• THE TASK
Below are entries with pictures in them. Output exactly the lines starting at the line with "Con Garaje דירה באקיו" and ending at the line with "Bodegas Industrial en", both included, but not the pictures.

##### RECORDS FOR THE EXERCISE

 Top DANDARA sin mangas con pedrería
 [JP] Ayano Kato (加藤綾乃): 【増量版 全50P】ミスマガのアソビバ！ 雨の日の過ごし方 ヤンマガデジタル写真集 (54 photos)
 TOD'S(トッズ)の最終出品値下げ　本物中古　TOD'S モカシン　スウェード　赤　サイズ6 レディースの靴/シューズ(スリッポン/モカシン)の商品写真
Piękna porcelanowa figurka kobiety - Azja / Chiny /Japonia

##########
##### RECORDS FOR THE EXERCISE

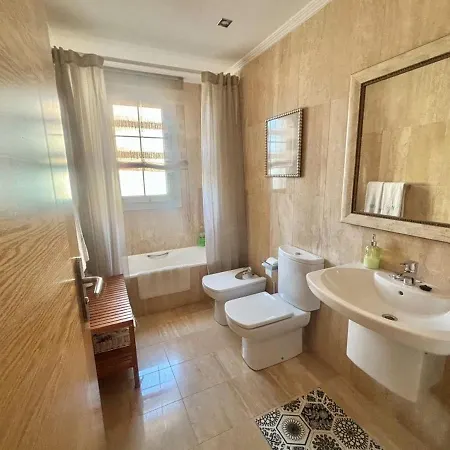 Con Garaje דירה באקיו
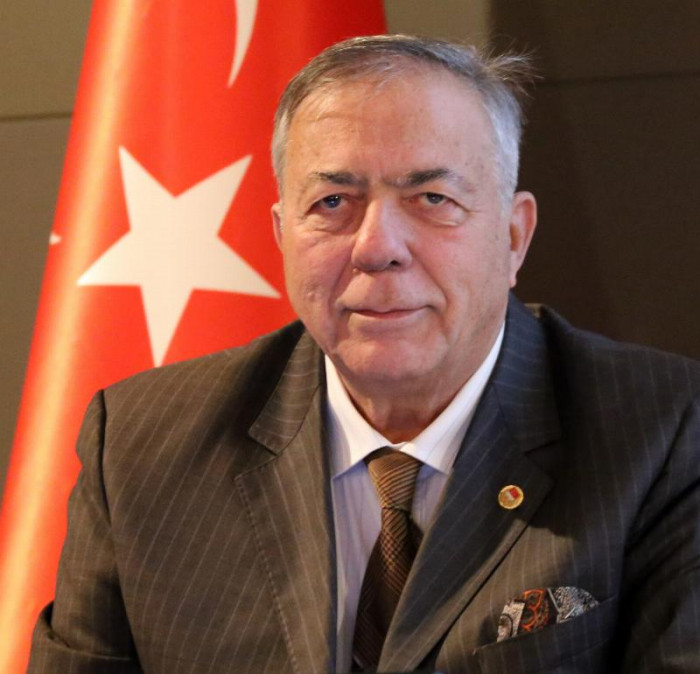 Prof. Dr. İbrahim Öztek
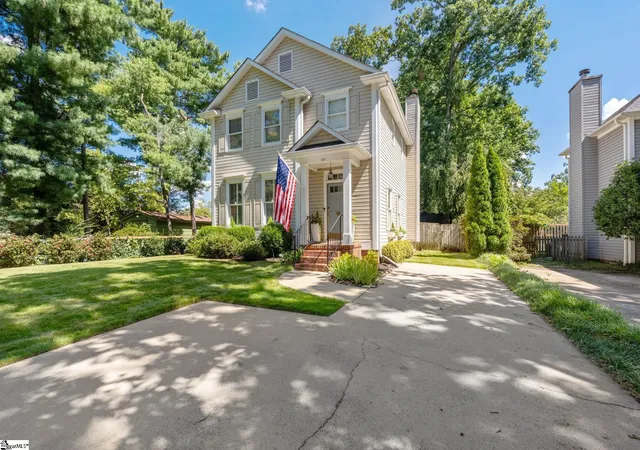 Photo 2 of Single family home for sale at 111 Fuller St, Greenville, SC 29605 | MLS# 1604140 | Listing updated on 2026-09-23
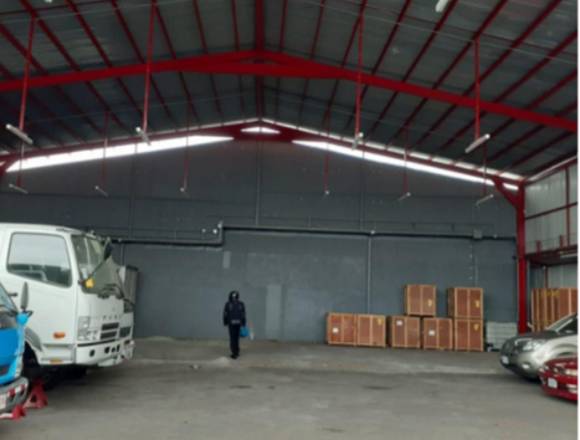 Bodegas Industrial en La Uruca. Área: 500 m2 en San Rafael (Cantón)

##########
##### RECORDS FOR THE EXERCISE

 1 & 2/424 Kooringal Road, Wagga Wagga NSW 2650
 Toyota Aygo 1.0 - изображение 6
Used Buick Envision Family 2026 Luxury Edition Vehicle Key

##########

• REPLY TO THE TASK
 Con Garaje דירה באקיו
 Prof. Dr. İbrahim Öztek
 Photo 2 of Single family home for sale at 111 Fuller St, Greenville, SC 29605 | MLS# 1604140 | Listing updated on 2026-09-23
 Bodegas Industrial en La Uruca. Área: 500 m2 en San Rafael (Cantón)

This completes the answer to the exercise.